Same question, different perspective. I just finished reading The Why Cafe, an inspirational book that encourages the reader to determine his/her purpose for living so that he/she can lead a more fulfilling life.
A co-worker recommended the book. She received the book from her neighbor who told her to read it, then to pass it on to someone else who might need it. The book is written as a fictional story about one man who gets lost on a dark road, only to end up at this cafe that has menus that suggest three questions customers should ponder as they wait on their food: Why are you here, Do you fear death, and Are you fulfilled?
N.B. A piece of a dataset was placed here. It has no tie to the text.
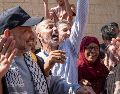 Familias celebran en Ramala la llegada de rehenes palestinos liberados. EFE/P. Martínez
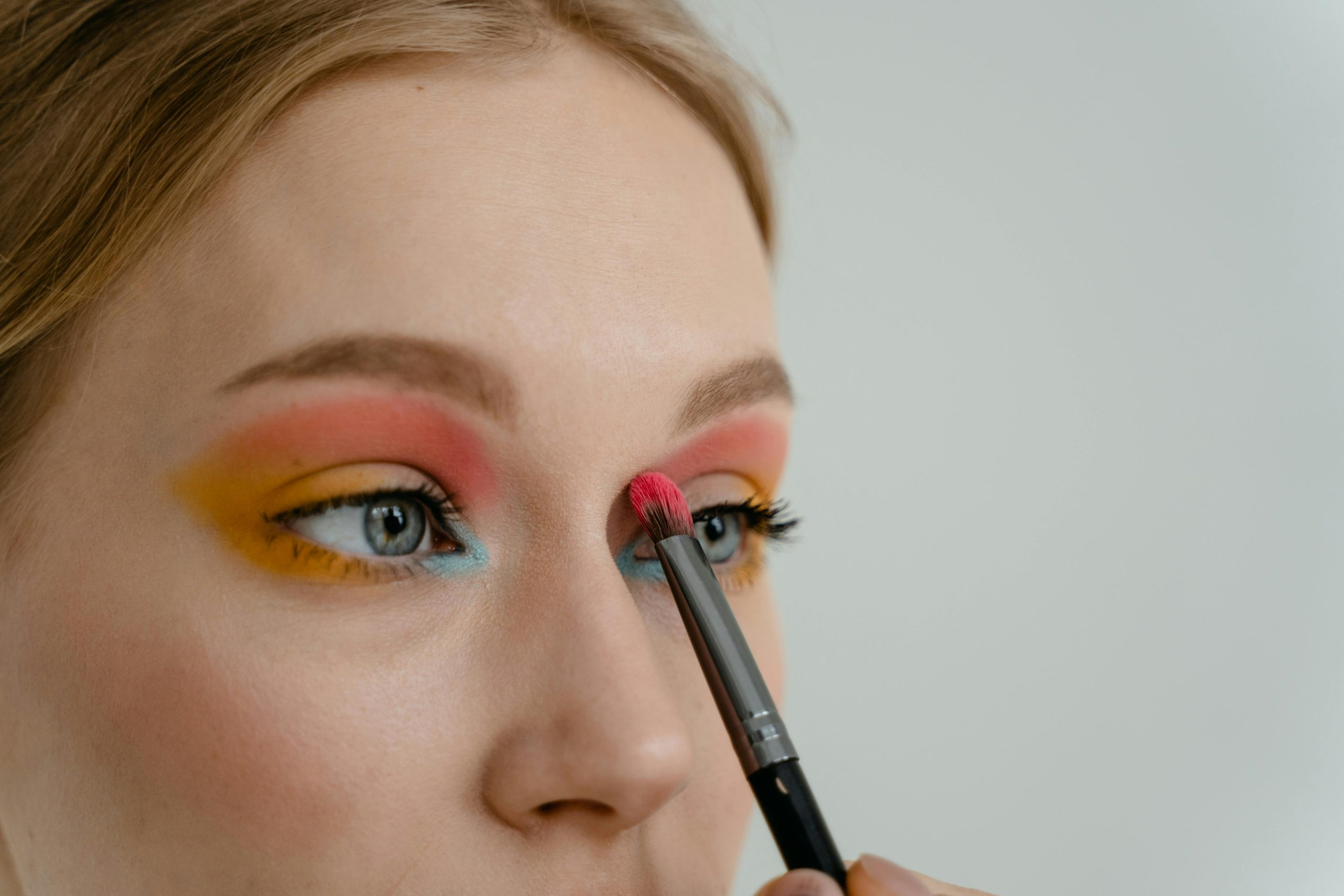 Makeup Testing Goes Digital: AR in the Beauty Industry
I don’t know if I’m lost “on a dark road,” but I do know I have many days where I feel unfulfilled. I have an idea of what I should be doing, but I sometimes wonder if there’s more I should be doing. I also wonder if I’m on the right path or just trying to convince myself it’s the right path? Maybe the signs I’m reading are an illusion, a trick of the eye. They probably change when I’m not looking and I don’t even realize it.
As you can see, reading the book has me thinking. Thinking, thinking, and thinking. In the midst of my thinking, I pulled out a sheet of paper and attempted to answer the first question: Why am I here? Sitting on my porch, lulled by the nighttime music of the nocturnal insects, I allowed the pen to guide me to my inner feelings. I composed a poem. It doesn’t have a title and, more than likely, it’s just an outpouring of my feelings as I try to determine how to live a life that is more fulfilled.
Here’s the poem:
Why am I even here?
The answer found in my tears
is to bear the burden of hurt
and shame. Nothing but disgrace
shines in my eyes. I’m so tired
of hurting; just wanna be free
from the hundreds of years of misery—
slave to a homeland that no longer
recognizes me. Oh, Africa, you claim
to see a majestic Queen when you
look at me, but I shudder to have
to admit that though you are my
birthplace, it is in your arms
I learned to feel a shit stained
misery. Smeared all over my face
your bloody feces – Stop! I scream
yet I accepted it with my eyes &
mouth wide open while proclaiming
you are Africa to me. I open
arms wide, accept the motherland
inside, feel it nestled between
my thighs and I sigh – Home.
Home is where the heart is & also
where it’s shattered to pieces.
All you are is inside of me
tryin to convince me you’re a part of me.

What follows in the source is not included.